A torto, poichè i piani approvati con la licenza edilizia del 28 aprile 1995 prevedevano chiaramente la sostituzione dei comignoli con manufatti sostanzialmente identici per foggia, dimensioni e posizione a quelli realizzati dall'insorgente.

Lo si evince senza alcuna difficoltà dal confronto del "piano delle facciate esistenti" con il piano delle facciate relativo al riordino dell'edificio. In effetti, mentre il rilievo della situazione preesistente riporta correttamente i comignoli con i tipici tettucci a due falde, i piani approvati indicano chiaramente l'intenzione di sostituire la parte terminale di questi manufatti con sfiatatoi a fessure multiple orizzontali. Il confronto tra le varie facciate riprodotte dai piani permette di escludere che si tratti di un'interpretazione erronea, attribuibile alla prospettiva.

Vero è che la modifica dei comignoli non è stata evidenziata in giallo ed in rosso, come prescrive l'art. 12 cpv. 2 RLE. Contrariamente a quanto assume il Consiglio di Stato, l'omissione non può tuttavia nuocere alla ricorrente. All'autorità comunale non poteva in effetti sfuggire che il rifacimento completo del tetto e la modifica delle falde avrebbe inevitabilmente comportato la demolizione dei comignoli preesistenti con conseguente rifacimento di nuovi manufatti. Nè poteva sfuggire che la foggia dei nuovi comignoli era sostanzialmente diversa da quella dei vecchi.

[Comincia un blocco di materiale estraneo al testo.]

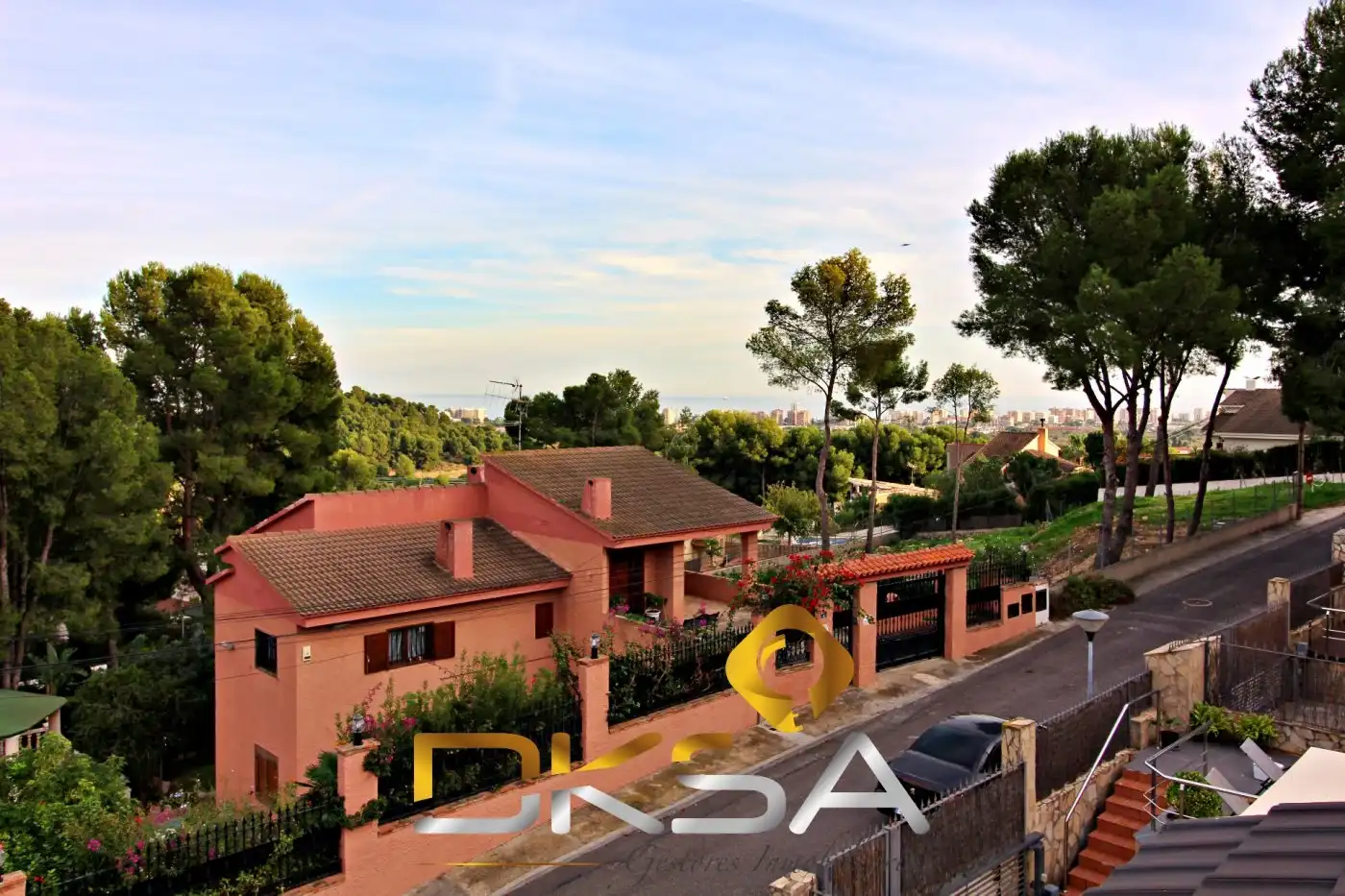 Vista exterior de Casa o xalet en venda en Benicasim / Benicàssim amb Aire condicionat, Calefacció i Jardí privat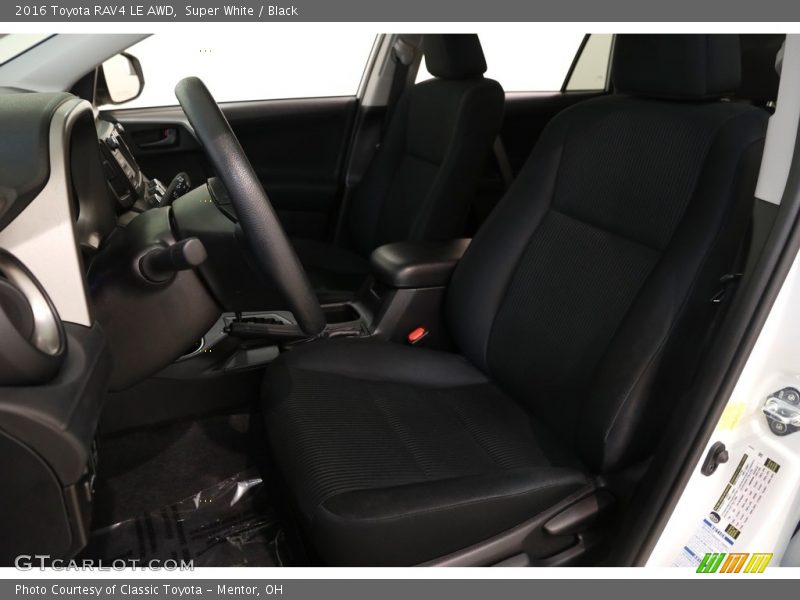 Super White / Black 2016 Toyota RAV4 LE AWD
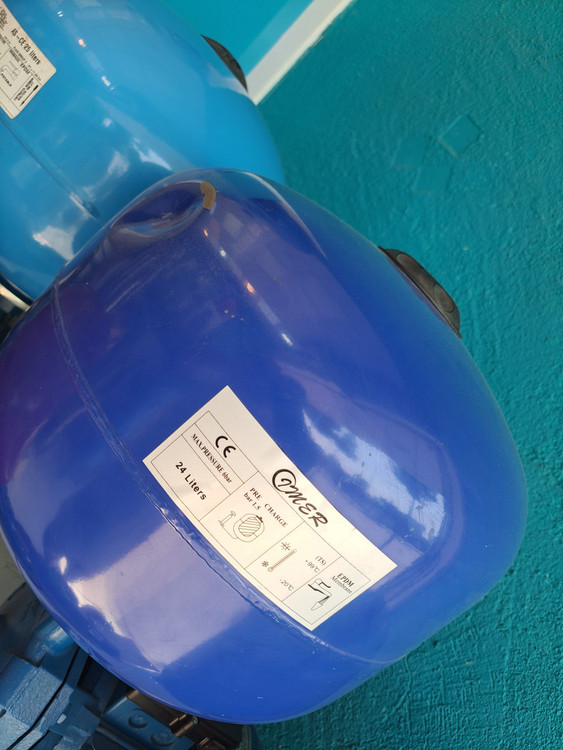 نمای تمام قد از منبع تحت فشار 24 لیتری ایمر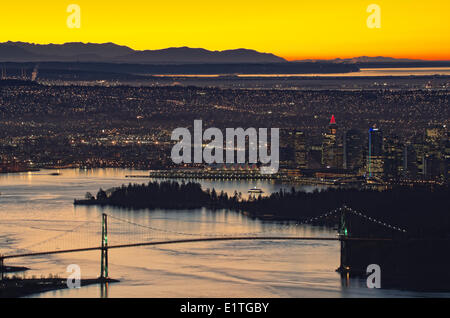 sehen Sie Vancouver lower Mainland vor Sonnenaufgang Cypress Mountain Aussichtspunkt in West Vancouver British Columbia Kanada. Stockfoto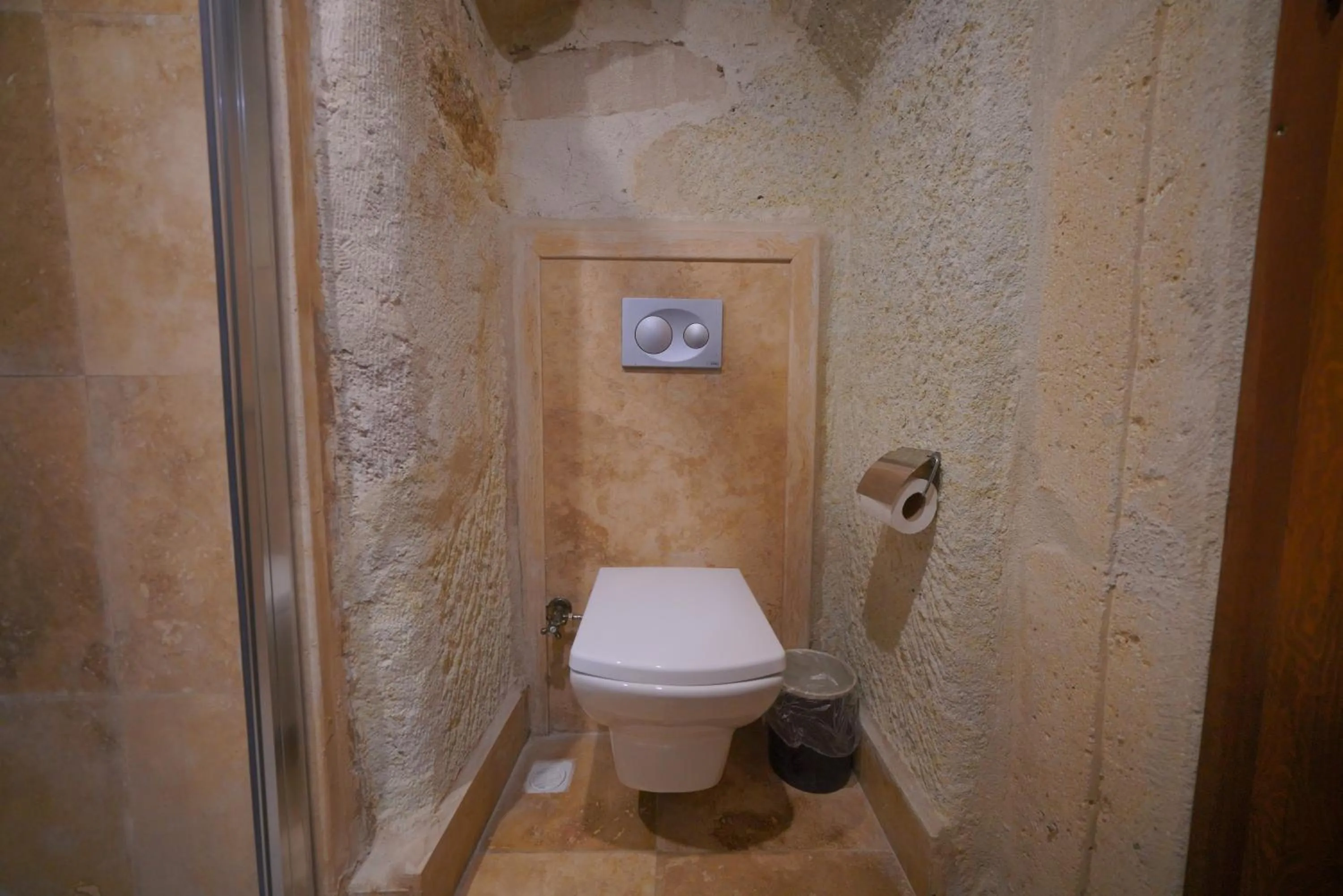 Toilet in Fairyland Cave Hotel
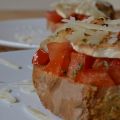 Bruschettas de tomate y queso de cabra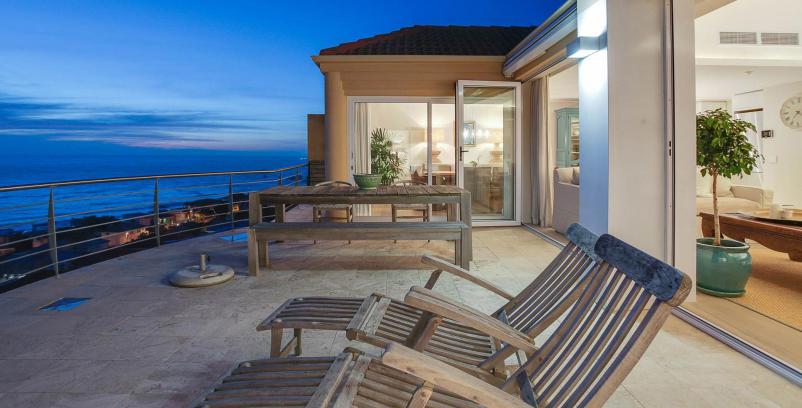 Photo 9 of Villa Serenita accommodation in Camps Bay, Cape Town with 3 bedrooms and 3 bathrooms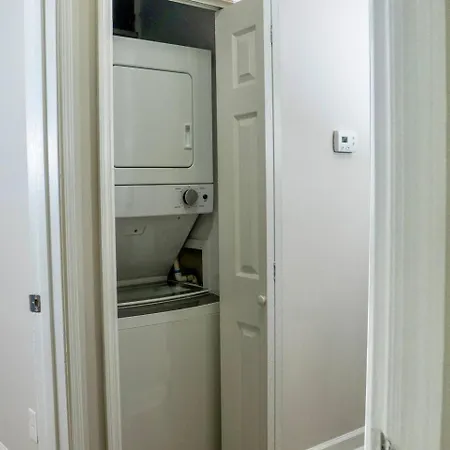 Apartment Uptown Luxe Retreat With Parking & Walk To Center *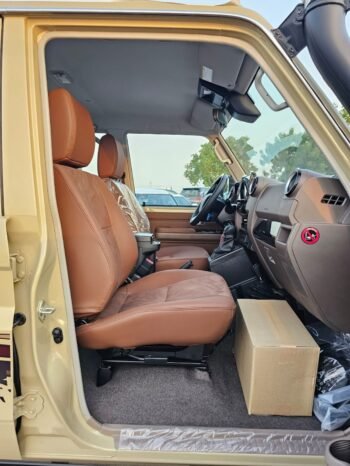 TOYOTA LANDCRUISER HARD-TOP Image 19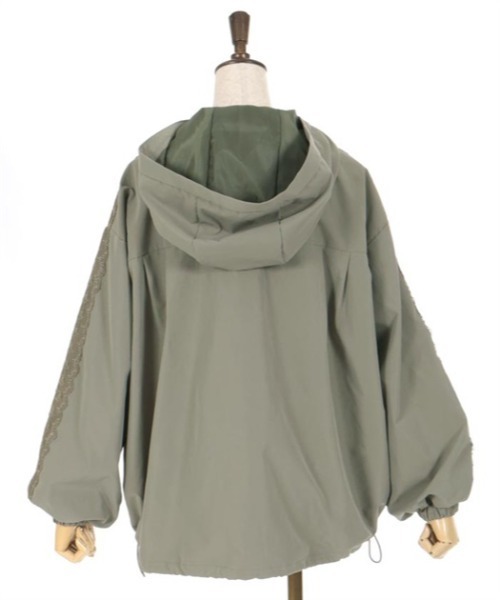 axes femme(アクシーズファム)の「撥水加工マウンテンパーカー(マウンテンパーカー・レディース・カーキ/ブラック/グレイッシュベージュ・MEDIUM/LARGE)」の7枚目の写真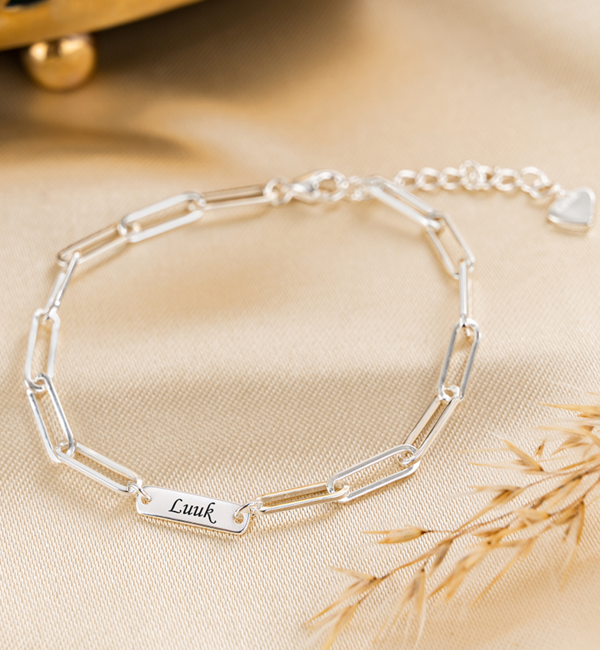 KAYA sieraden Link bracelet with 1 name 'Closed Forever'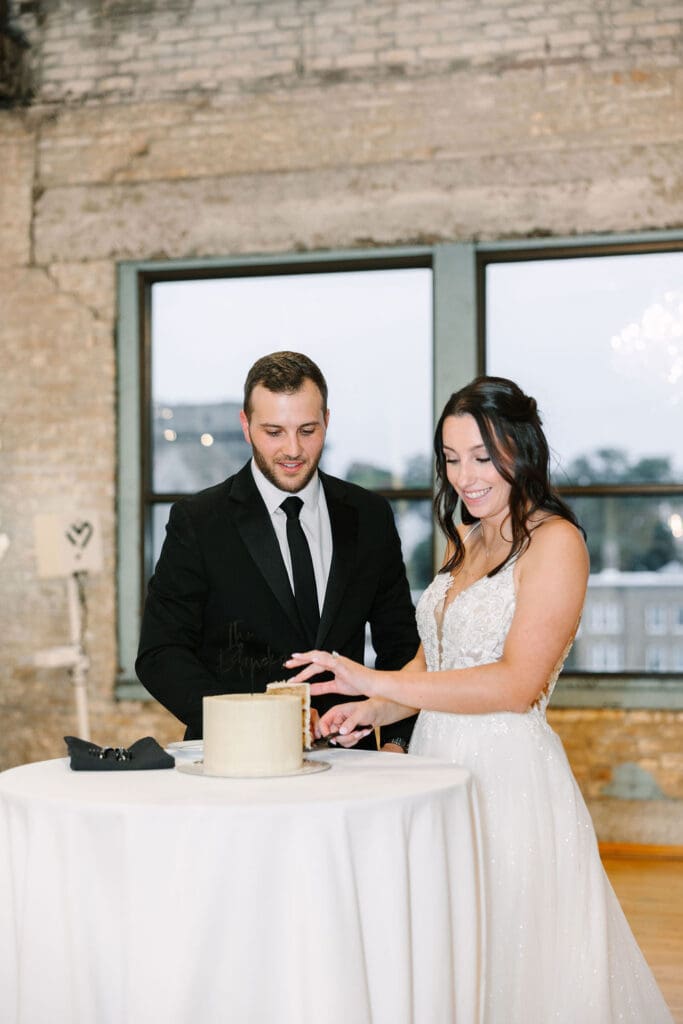 High Five Wedding Grand Rapids Michigan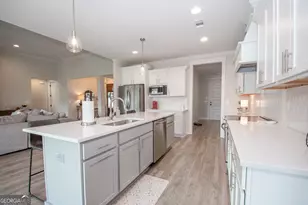 208 Township Dr, Senoia, GA 30276 - Photo 15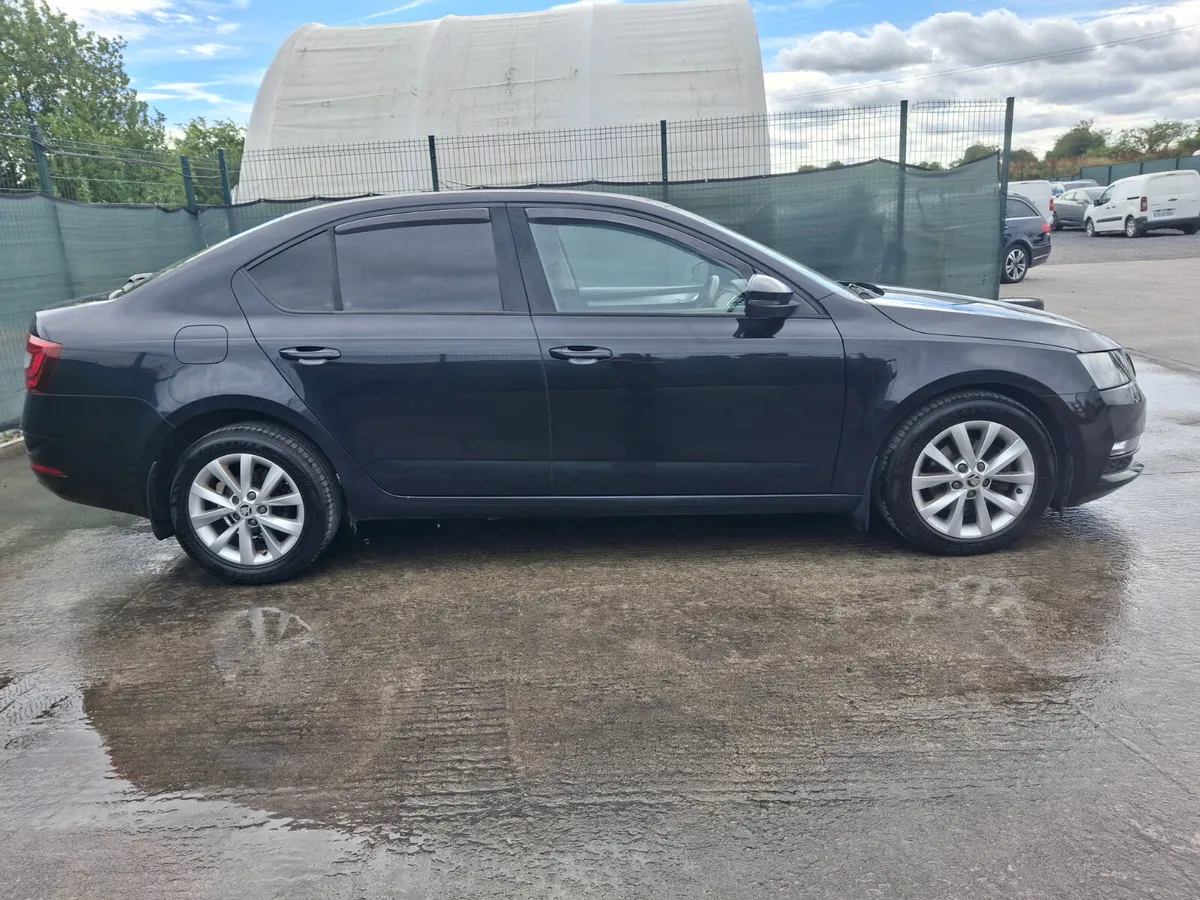 2017 Skoda Octavia  Ambition TDI Very Light Damage - Image 2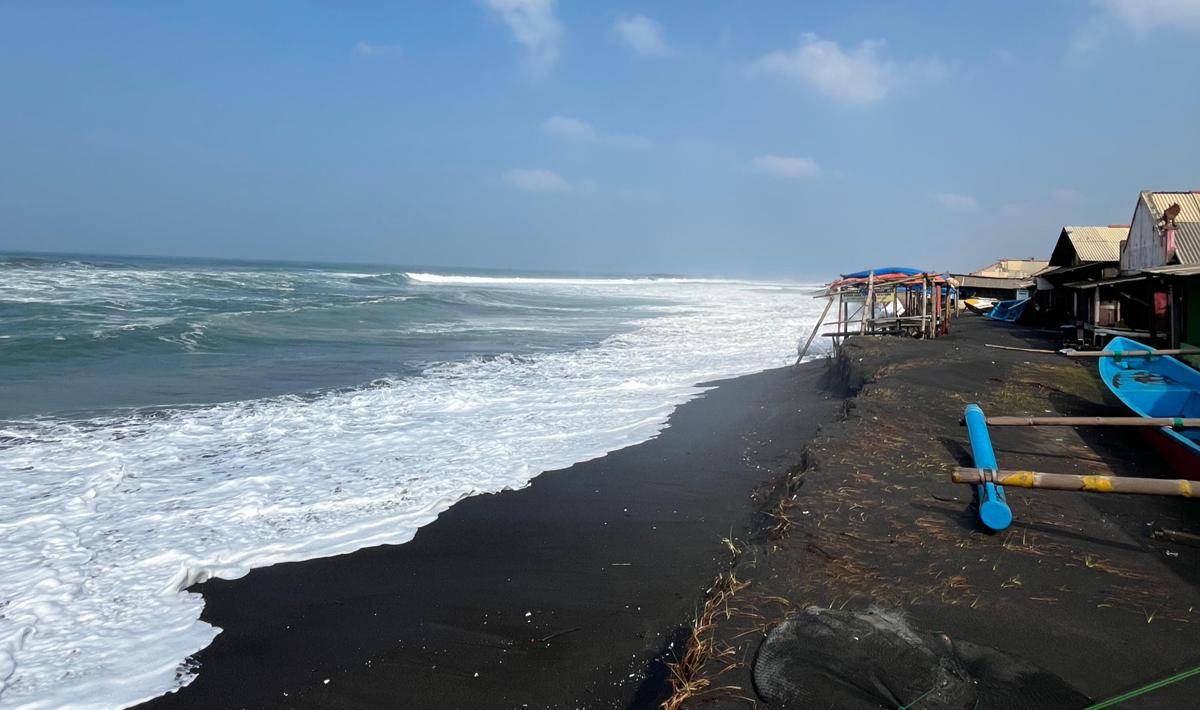Tak Ada Hujan, Belasan Warung Seafood di Pantai Depok Kebanjiran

Quest'ultimi non erano d'altro canto soltanto abbozzati, come a torto reputa la precedente istanza. I piani erano sufficientemente precisi ed evidenziavano in modo adeguato la nuova forma che i comignoli avrebbero assunto. Il confronto tra i piani approvati (1) ed il rilievo dello stabile preesistente (2) non lasciava dubbi in merito alle modalità dell'intervento sui comignoli:

Avendo l'autorità comunale approvato i piani senza riserve e senza chiedere ragguagli in proposito, la ricorrente poteva in buona fede ritenersi autorizzata a sostituire e modificare non soltanto il tetto, ma anche i comignoli.

Così stando le cose, l'ordine di ripristino appare del tutto ingiustificato. A torto pretende in particolare l'autorità comunale che la ricorrente ripristini i tettucci a falde dei comignoli preesistenti, allorchè ne ha autorizzato la modifica con elementi piatti. Con questa pretesa, dimostra soltanto di non aver letto con la necessaria attenzione i piani annessi alla domanda di costruzione.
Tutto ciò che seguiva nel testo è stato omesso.